Cluster tricks & tips
By Steve Tunstall-Oracle on Dec 12, 2013
Most of us have clustered ZFSSAs, and have been frustrated at one time or another with getting the proper resource to be owned by the proper controller.
I feel your pain, and believe me, I have to deal with it as much or even more than you do. There are, however, some cool things you can do here and it will make your life easier if you fully understand how this screen works.
First, understand this- You almost never want to push the 'Takeover' button. The 'Takeover' button actually sends a signal to instantly reboot the OTHER controller, in a non-graceful way. More on that below. We have two heads in this picture and they're both in the "Active" state as you see here. This means you can not click the "Failback" button which is how we move resources to the head you wish to own them. You are only allowed ONE Failback when a head is in the "Ready for Failback" state, as it is when it first comes up. We have already hit Failback on this system, so both heads are now Active. That's it. You're done until one reboots.
Do NOT hit the 'Takeover' button. That button should be labeled "Ungracefully shutdown the other controller". Those were just too many words to fit on the button, so they called it Takeover. Sure, that means that since the other head is now being instantly rebooted, this head will now takeover all of the resources and the other head will now reboot. This is one of the worse ways to reboot the other head. It's not nice. It does not flush the cache first. It's actually slower then the other way. When and why would you ever hit it? There's a few reasons. Perhaps the other head is in a failed state that is not allowing you to log in and shut it down correctly. Perhaps you are just setting the controls up on day one, you know there's no workload at all, and you really don't care how the other head gets rebooted. If that's the case, then go for it.
Instead, for a clean and faster reboot, log into the controller you want to reboot, and click the power button:
This allows you to reboot is gracefully, flushing the cache first, and it actually comes up faster than the 'takeover' way, almost always.
Now that it has rebooted, which may take 5-15 minutes, the good controller's cluster screen should show that it's "Ready for Failback". Be certain all of your resources are set to the proper owner, and then hit the "Failback" button to move the resources and change both controllers to the "Active" state. REMEMBER--- You only get to hit the Failback button ONCE!!! So take your time and do all of your config and setup and get the ownership right before you hit it. Otherwise, you will be rebooting one of your controllers again. Not a huge deal, but another 15 minutes of your life, and perhaps a production slowdown for your clients.
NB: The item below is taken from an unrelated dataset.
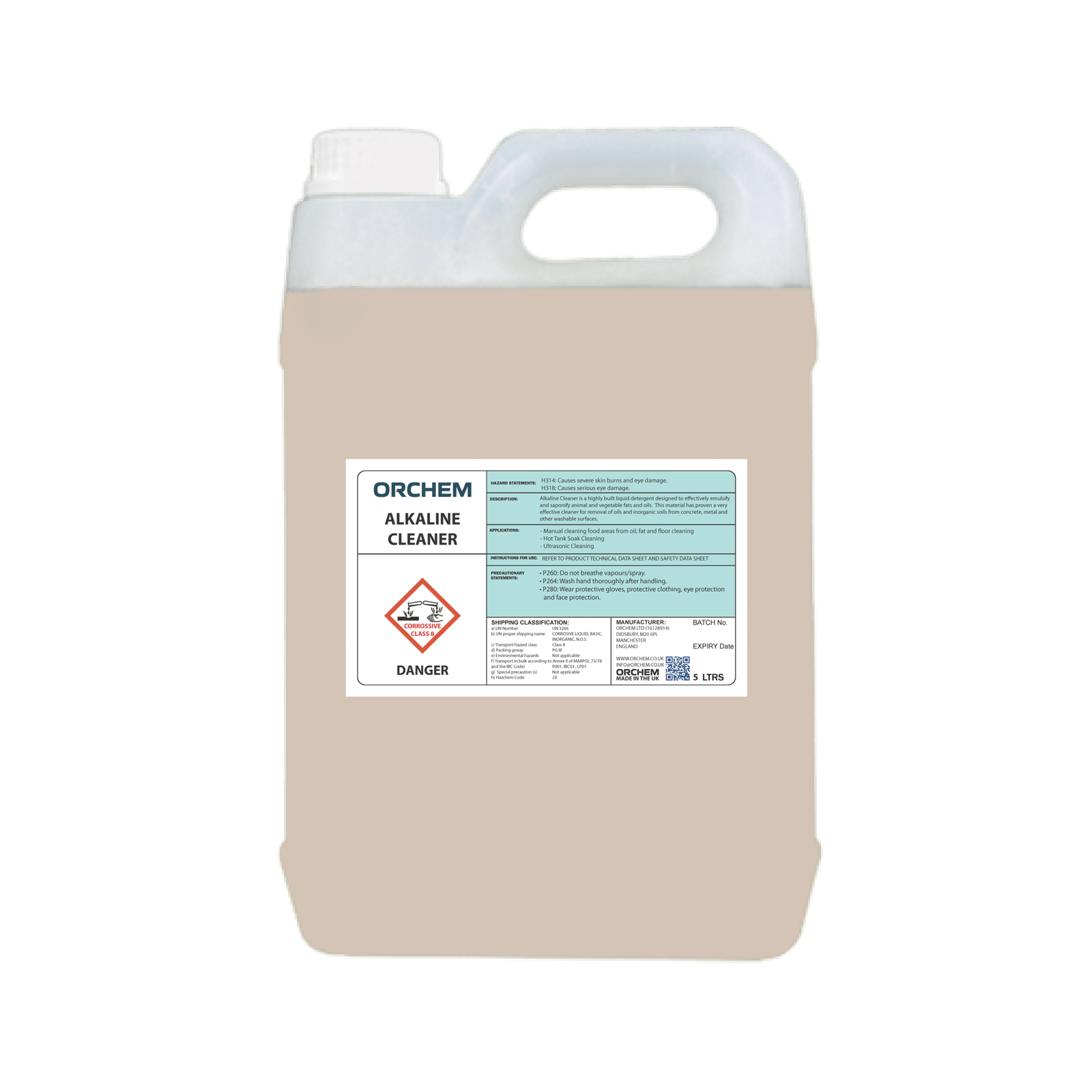 ALKALINE CLEANER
Now for a trick. There's nothing I can do to help you with the network resources. If they are on the wrong controller, you may have to reboot one and fix it and do a failback. However, if you have a storage pool on the wrong controller, I may be able to show you something cool. The best thing to remember and do is this: Create the resource (network or pool) ON the controller you wish to be the owner in the first place!!! Then, it will already be owned by the proper one, and you don't have to do a failback at all. However, what if, for whatever reason, you need to move a pool to the other controller and you MUST NOT reboot a controller in order to move it using the Failback process? In other words, you have an Active-Active setup, the Failback button is grayed out, and it's very important that you change the ownership of a storage pool but you are not allowed to reboot one of the controllers?
Bummer, right? Not so fast, check this out.
So here I have a system with two pools, Rotation and Bob, both on controller A. The Bob pool is supposed to be on controller B. They are both Active, so I can not click Failback. I would normally have to reboot head B to fix this. But I don't want to.
So I'm going to unconfigure the Bob pool here on controller A. That's right, unconfigure. This does NOT hurt your data. Your data is safe as long as you do NOT create a new pool in that space. We're not going to create a new pool. We're going to IMPORT the Bob pool on controller B. All of your shares, LUNs, and their properties will be perfectly fine. There is only one hiccup, which we will talk about.
Go to Configuration-->Storage, select the correct pool (Bob), and then click "Unconfig".
But first, I want you to look carefully at the info below the pie chart here. Note that Bob currently has 2 Readzilla cache drives in it. This is important.
You will get this screen. Take a deep breath and hit apply.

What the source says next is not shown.